What you have to do:
Set down, word for word, the line with "Cover of European" and the lines after it through the final line of the data below, without pictures.

Items listed in a dataset:
════════════════════

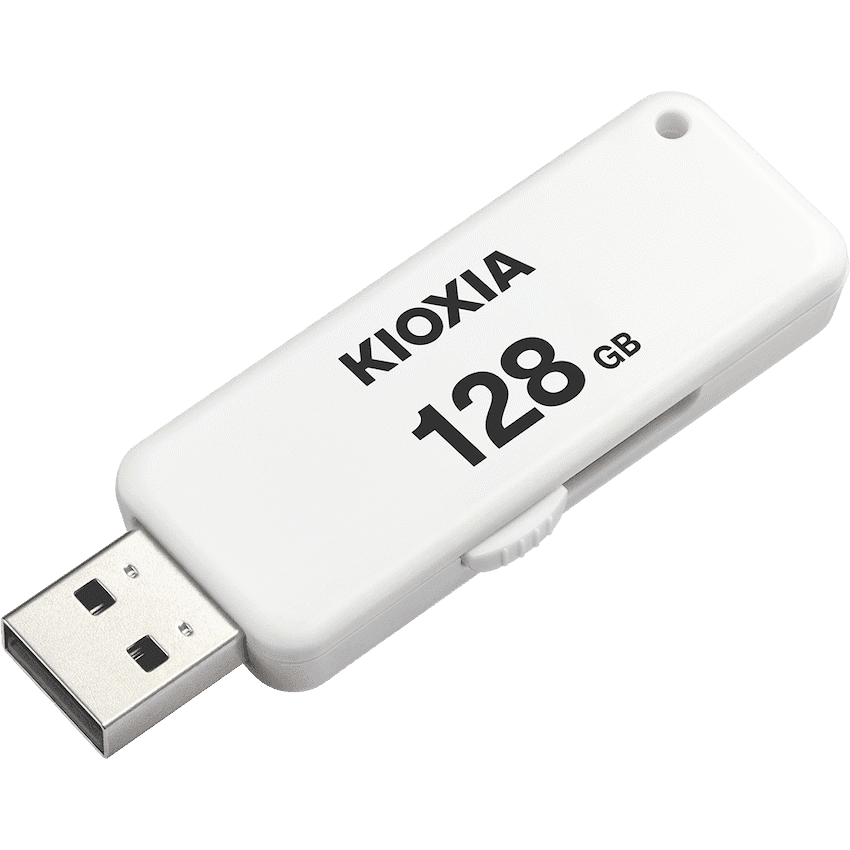 Kioxia U203W- 128GB USB 2.0 Yamabiko Slider Typ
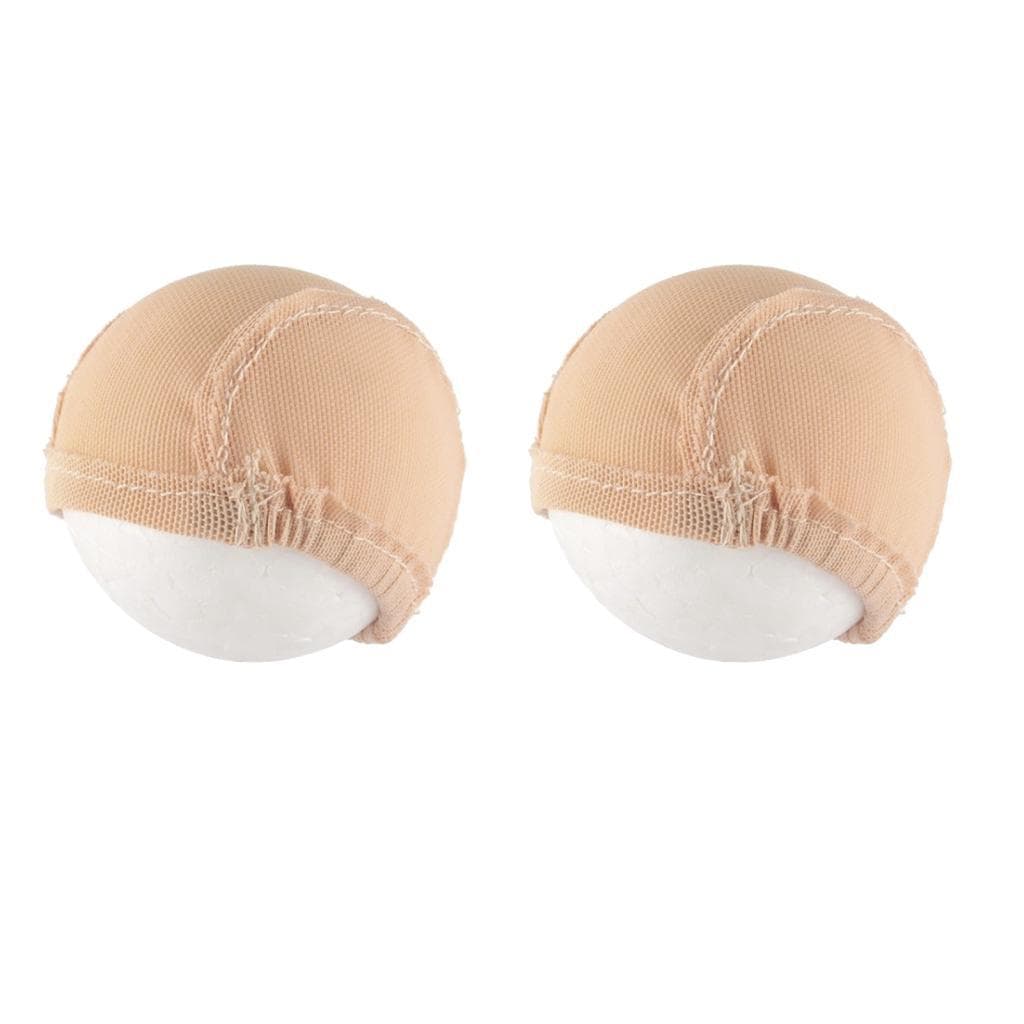 1buycart Boneca Peruca Net 2 Pçs Bonito Artificial Três Peças Design Interno Prático Bola Articulada Bonecas Traje Forro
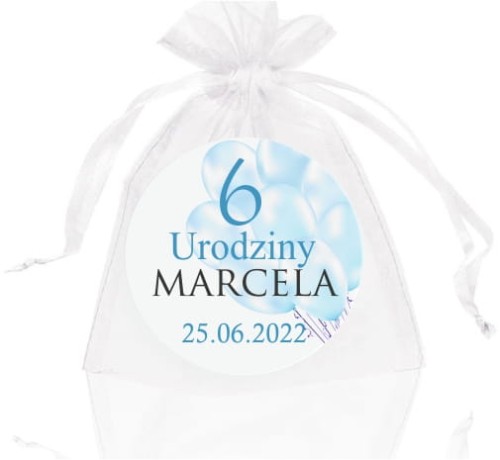 Podziękowanie dla gości na urodziny, magnes na lodówkę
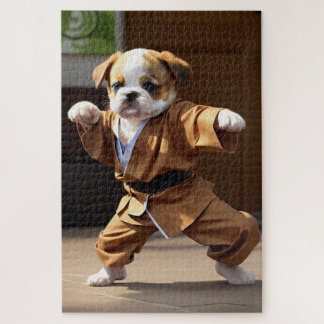 Puzzle chiots de maître kung-fu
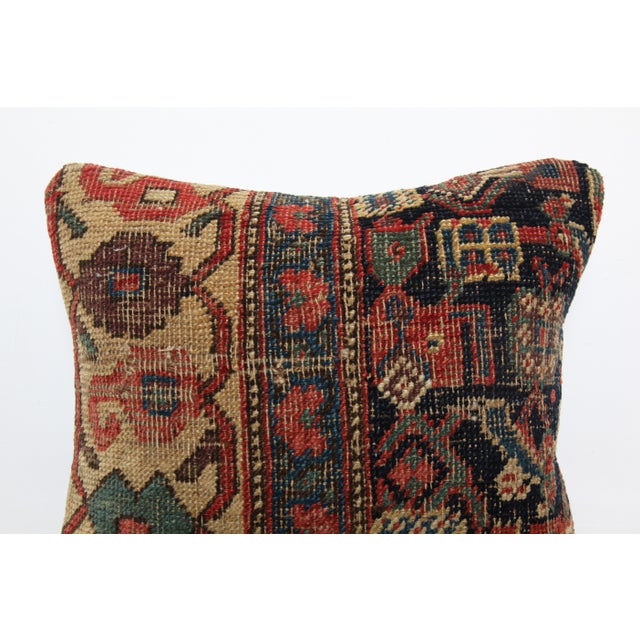 Here i am listing a 100% Handmade double knotted rug pillow cover, made from Vintage rug This’s a modern design and...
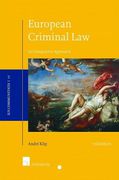 Cover of European Criminal Law: An Integrative Approach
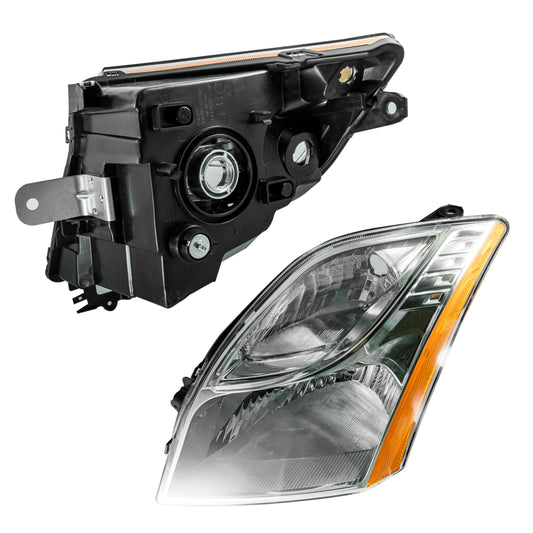 Faro Izquierdo Compatible con SENTRA B-16 2010 2011 2012 F/CROMADO C/MICA AMBAR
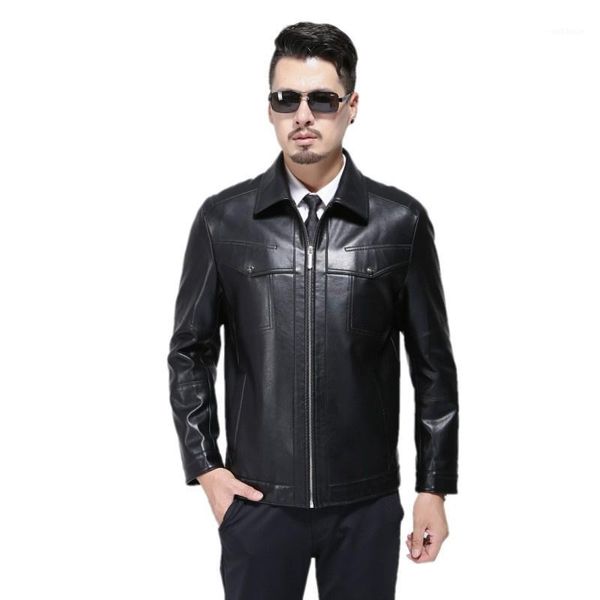 19 autumn men's leather coat man spring and autumn men cloting thin leather jacket coat1, Black;brown
19 autumn men's leather coat man spring and autumn men cloting thin leather jacket coat1, Black;brown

════════════════════

Answer space:
 Cover of European Criminal Law: An Integrative Approach
 Faro Izquierdo Compatible con SENTRA B-16 2010 2011 2012 F/CROMADO C/MICA AMBAR
 19 autumn men's leather coat man spring and autumn men cloting thin leather jacket coat1, Black;brown
19 autumn men's leather coat man spring and autumn men cloting thin leather jacket coat1, Black;brown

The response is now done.